### [Data below]

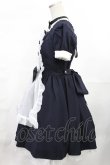 画像2: Angelic Pretty / Midnight Dollワンピース Free ネイビー H-25-07-04-1008-AP-OP-NS-ZH (2)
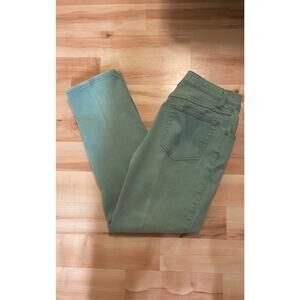 Cherokee Light Green Jeans Size 12P L26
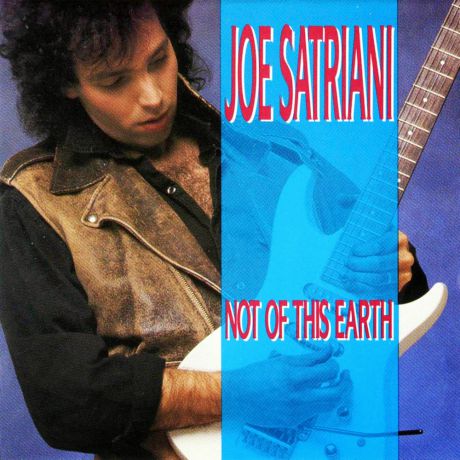 Виниловая пластинка Joe Satriani Not of This Earth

### [Your assignment]
Reproduce the lines above letter for letter. The pictures stay behind.

### [Reply]
 画像2: Angelic Pretty / Midnight Dollワンピース Free ネイビー H-25-07-04-1008-AP-OP-NS-ZH (2)
 Cherokee Light Green Jeans Size 12P L26
 Виниловая пластинка Joe Satriani Not of This Earth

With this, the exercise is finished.